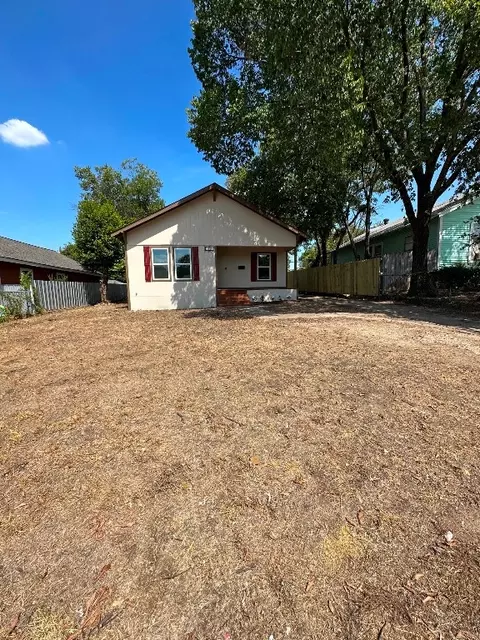 2514 Lincoln Ave, Fort Worth, TX 76164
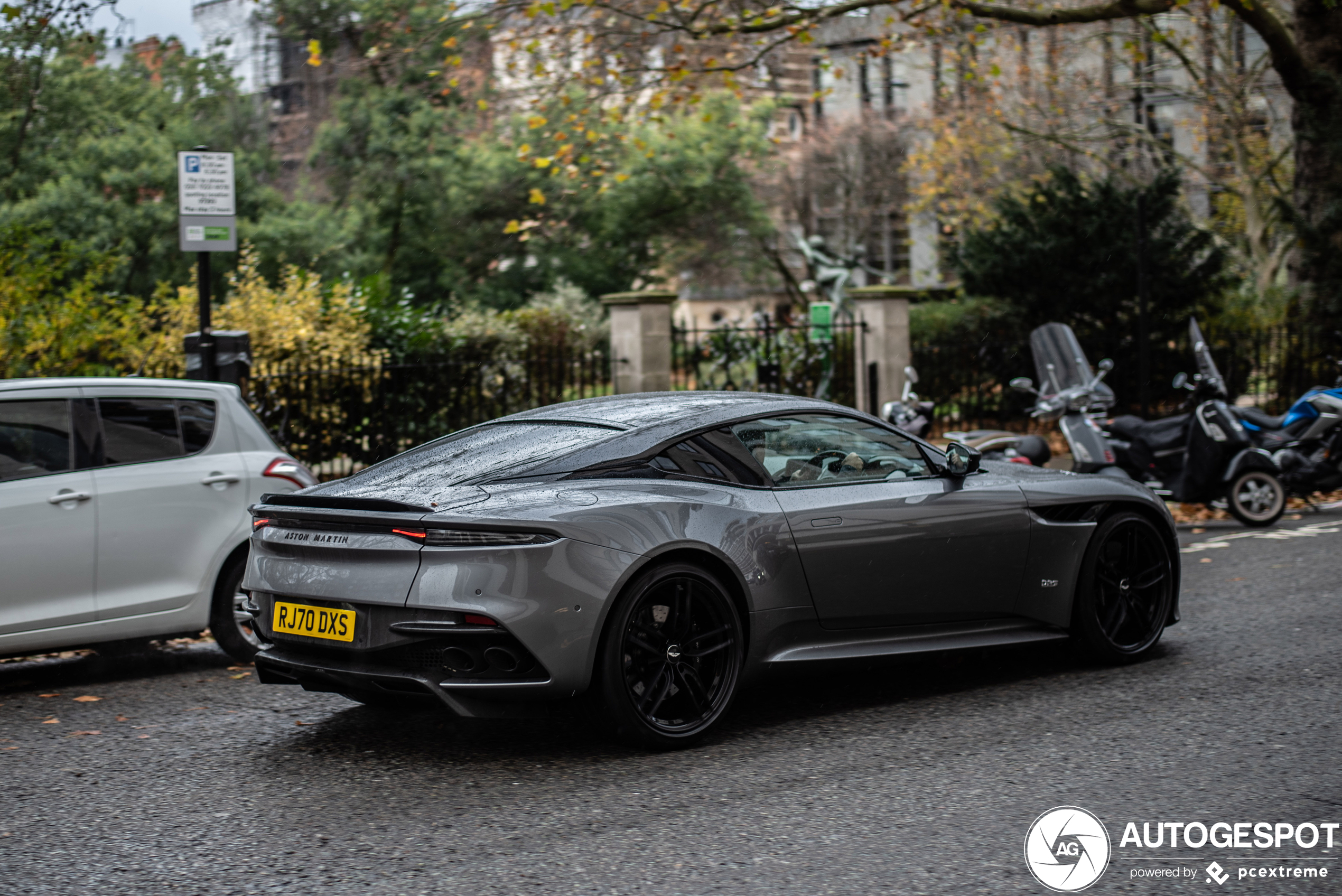 Aston Martin DBS Superleggera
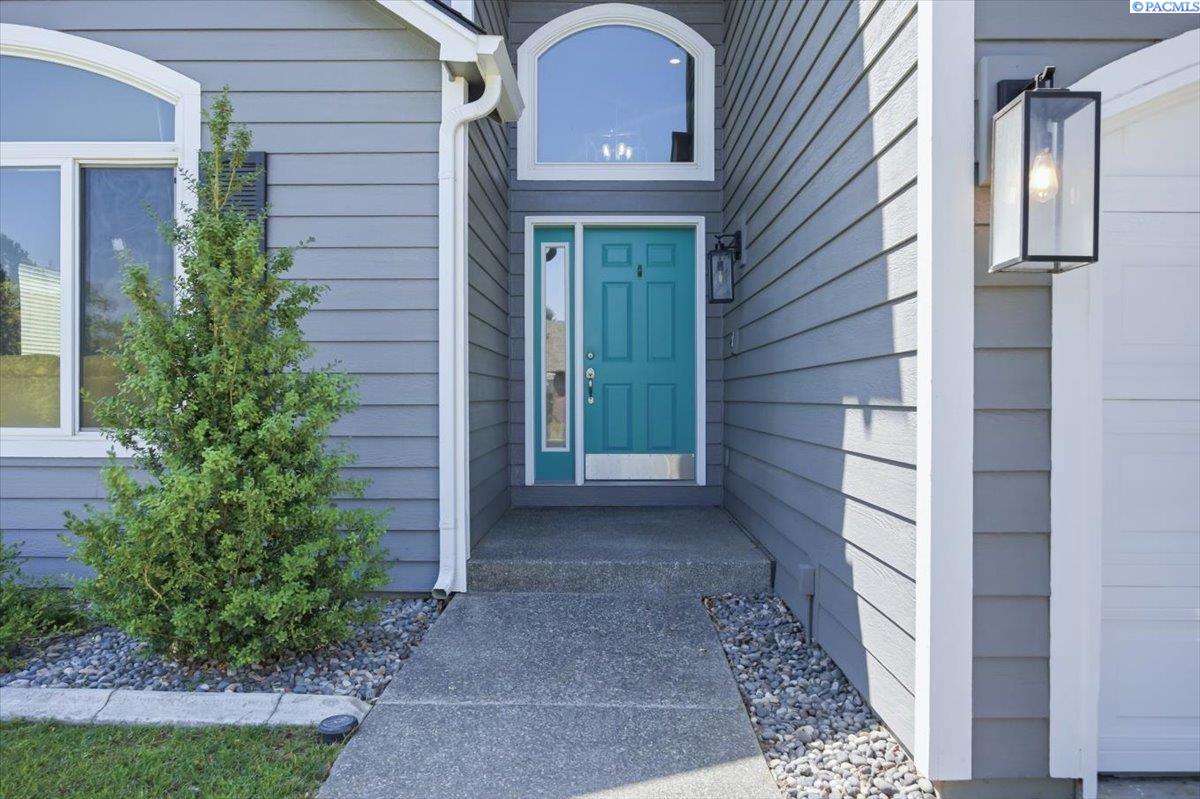 201 Odessa St, Richland, WA 99352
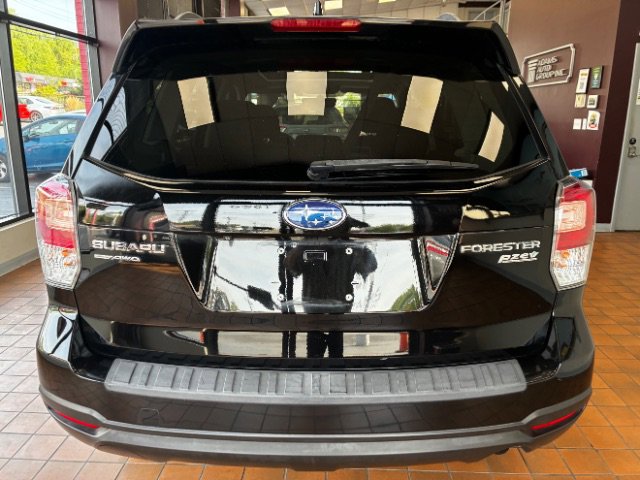 Used 2017 Subaru Forester 2.5i Premium w/ Popular Package #2A AWD/4WD image 12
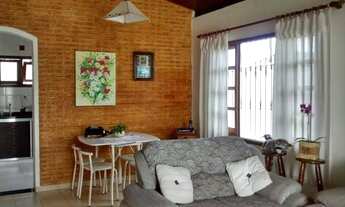 Imagem 2: Belíssima casa com 3 dormitórios na região central de Ubatuba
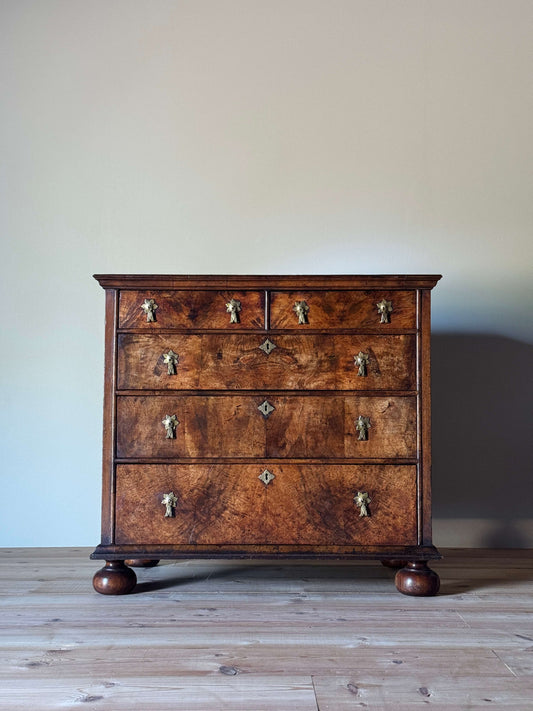 Queen Anne walnut crossbanded chest of drawers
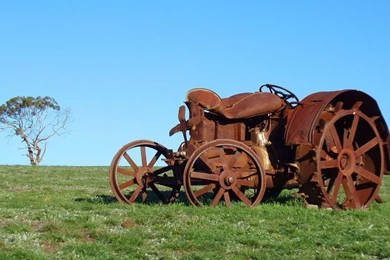 Tractors Rusted Tractor Iskin Co Uk   1366x768 IWallHD   Wallpapers HD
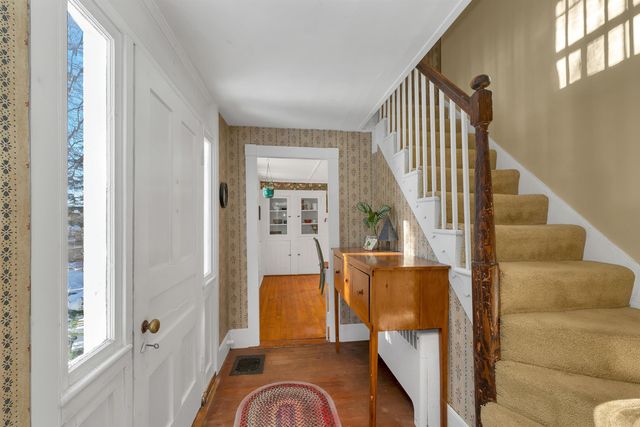 27 Wentworth Avenue, Laconia, NH 03246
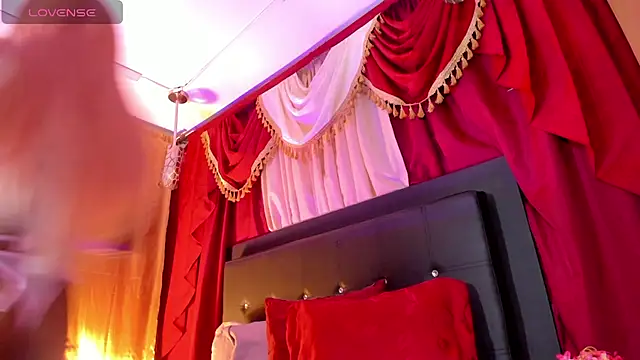 bloom bbc online show from 14, 12, 2025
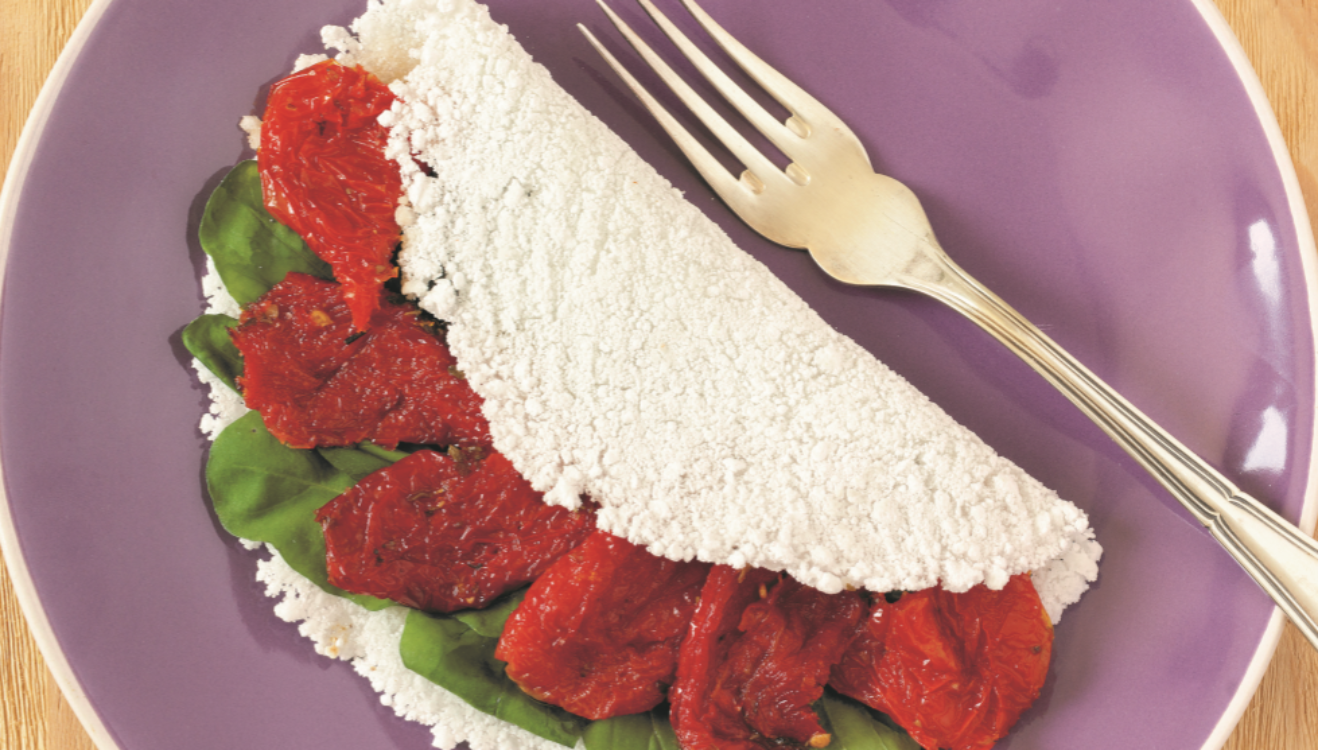 Tapioca de tomate seco e manjericão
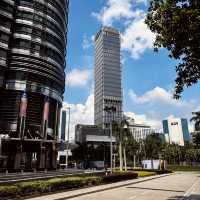 "KLCC Cityscape: A Stunning Skyline of the Petronas Twin Towers"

◆ WHAT TO PRODUCE ◆
Return the material word for word. Pictures are not part of the copy.

◆ RESPONSE ◆
 2514 Lincoln Ave, Fort Worth, TX 76164
 Aston Martin DBS Superleggera
 201 Odessa St, Richland, WA 99352
 Used 2017 Subaru Forester 2.5i Premium w/ Popular Package #2A AWD/4WD image 12
 Imagem 2: Belíssima casa com 3 dormitórios na região central de Ubatuba
 Queen Anne walnut crossbanded chest of drawers
 Tractors Rusted Tractor Iskin Co Uk   1366x768 IWallHD   Wallpapers HD
 27 Wentworth Avenue, Laconia, NH 03246
 bloom bbc online show from 14, 12, 2025
 Tapioca de tomate seco e manjericão
 "KLCC Cityscape: A Stunning Skyline of the Petronas Twin Towers"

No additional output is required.